Renaissance der Tram

Wolfgang O. Hugo

Die Tram gehört wieder zum Stadtbild von Paris. © Shutterstock

23. März 2020

Niemand reist nach Paris, um dort mit der Straßenbahn zu fahren. Aber einmal vor Ort, sollte man genau das tun.

Seit 1992 ist die Tramway auf der Île-de-France zurück, seit 2006 – zunächst in den nördlichen Vororten – auch in der französischen Hauptstadt. Als Alternative zur Metro wird ihr Netz immer weiter ausgebaut. Schon heute nutzen eine Million Menschen täglich die zehn Tramway-Linien in und um Paris. Zum Vergleich: die Metro hat im gleichen Zeitraum 4,5 Millionen Fahrgäste.

120 km Schienen gibt es mittlerweile und 193 Haltestellen; 253 Züge verkehren u. a. auf und neben der Petite Ceinture, der 32 Kilometer langen, Paris (ab 1852) umrundenden Eisenbahnstrecke, sowie der Ringstraße Boulevard des Maréchaux, als Linie 3a (Pont de Garigliano – Porte de Vincennes) und 3b (Porte-de-Vincennes – Porte de la Chapelle).

Bis 2006 fuhr in Paris die letzte Tram (der Linie 123/124) am 15. März 1937 zwischen den Endstationen Porte de Saint-Cloud und Porte-de-Vincennes und die letzte Banlieue-Tram der Linie 112 am 14. August 1938 zwischen Le Raincy und Montfermeil. 68 Jahre ohne Tram! Heute träumt der die Stadtverwaltung beratende Conseil de Paris bereits von einer Tramway-Verbindung des rechten Seine-Ufers von Maisons-Alfort (im Osten) bis zur Brücke von Saint-Cloud (im Westen). Sie wäre wegen des Blicks auf Paris an den Ufern der Seine auch touristisch interessant.

Enorme Kosten

Der Tramway-Hype entstand vor allem aus Kostengründen, zumal das Bus-Netz ausgereizt ist: Die 14 km lange T6, 28 Translohr STE6-Busbahnen mit 21 Haltestellen zwischen Châtillon-Montrouge und Viroflay-Rive-Droite zum Beispiel befördert seit 2014 täglich 62 000 Fahrgäste, auf 1,6 Kilometern auch unterirdisch – Tendenz steigend. Sie kostete nur einen Bruchteil anderer Verkehrslösungen. Für eine Busbahn sprachen in diesem Fall weniger breite Züge, geringere Kurvenradien und zwei größere Steigungen.

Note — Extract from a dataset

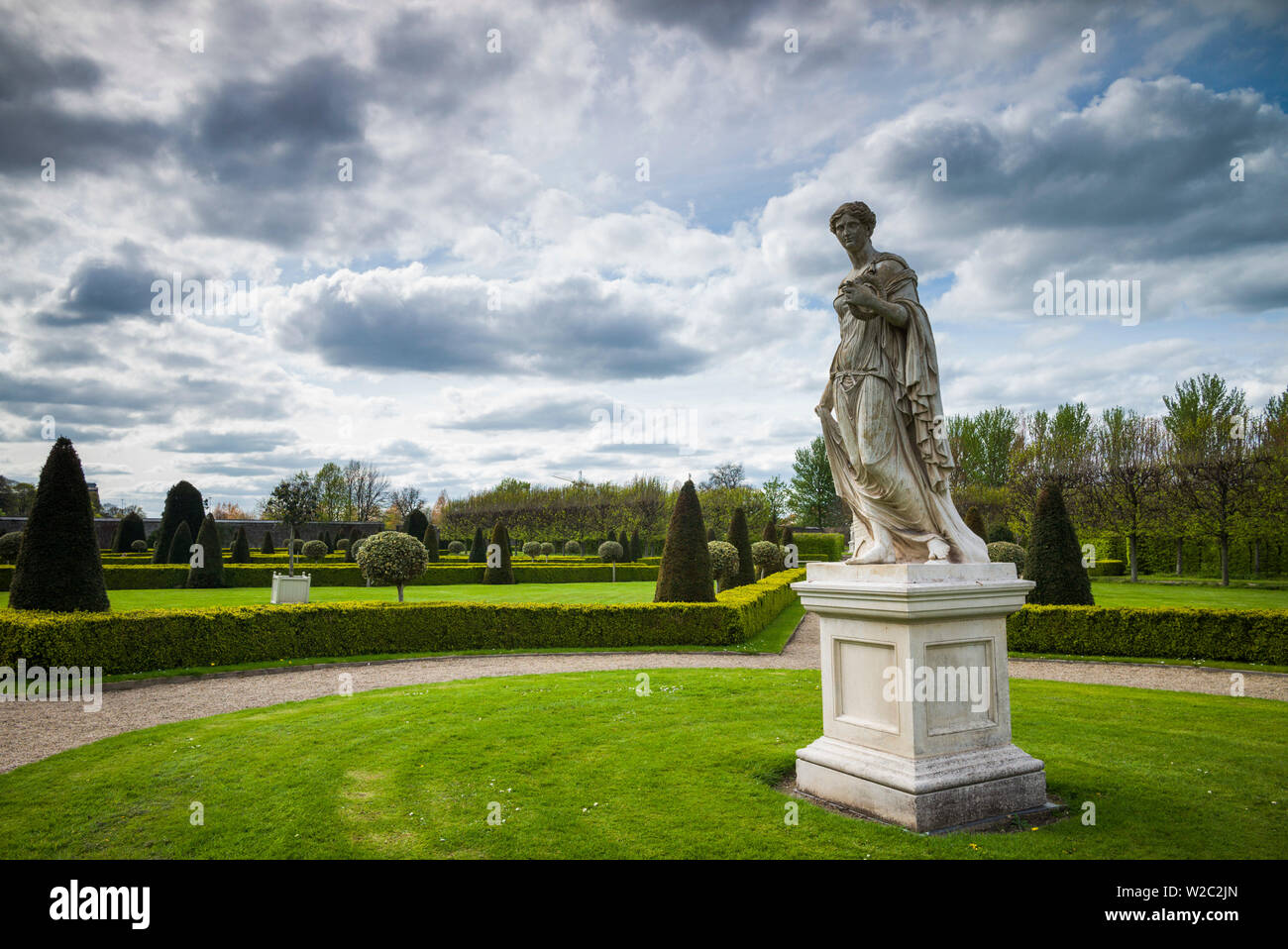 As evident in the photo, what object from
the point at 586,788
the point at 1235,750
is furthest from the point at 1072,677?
the point at 586,788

Bei einigen Linien hat sich der Ausbau des Tramway-Netzes in Paris u. a. wegen der Finanzierung erheblich verzögert: bis zur Inbetriebnahme der T6 (Châtillon – Viroflay-Rive Droite) etwa dauerte es 13 Jahre. Zudem ist der Tramway-Bau im Großraum Paris sehr viel teurer als in der Provinz: Mussten in Besançon 13,7 Mio. Euro und Dijon 19,9 Mio. Euro pro Tramway-Kilometer bezahlt werden, so kostete die Busbahn T 5 (Marché de Saint-Denis – Garges Sarcelles) 25 Mio. Euro pro Kilometer; bei der bahngleichen T 11 waren es 55 Mio. Auch die Kosten für die Züge unterscheiden sich sehr und sind u. a. von ihrer Traktion abhängig. Die inzwischen fast tausendfach in viele Tramway-Netze der Welt gelieferten Citadis-Versionen gibt es schon ab 2,2 Mio. Euro pro Zug; der Zwei-Strom-Zug Citadis Dualis für die T 11 aber kostet 5,8 Mio. Euro.  

Fahrerlebnis Tram

Ein kurzer Blick auf die Karte macht deutlich: Die Pariser Tramway soll die Vorstädte miteinander verbinden und dabei tangentiale Verbindungen ermöglichen. Mitunter ist das für die Fahrgäste ein Erlebnis: Die Fahrt mit der T2 von La Défense bis Porte de Versailles etwa war zuvor eine Eisenbahnlinie mit typischen alten Bahnhöfen sowie Zielen wie die Porzellan-Manufaktur in Sèvres. Im Juli 1997 eröffnet, kommen fünf Jahre später 2,65 Meter breite Züge zum Einsatz, die ab September 2005 in Doppel-Traktion (mit 65 Meter Länge) fahren. Heute nutzen 214 000 Fahrgäste täglich die 17,9 km lange Linie, mit Ausblick auf die Seine, den Bois de Boulogne und Boulogne-Billancourt.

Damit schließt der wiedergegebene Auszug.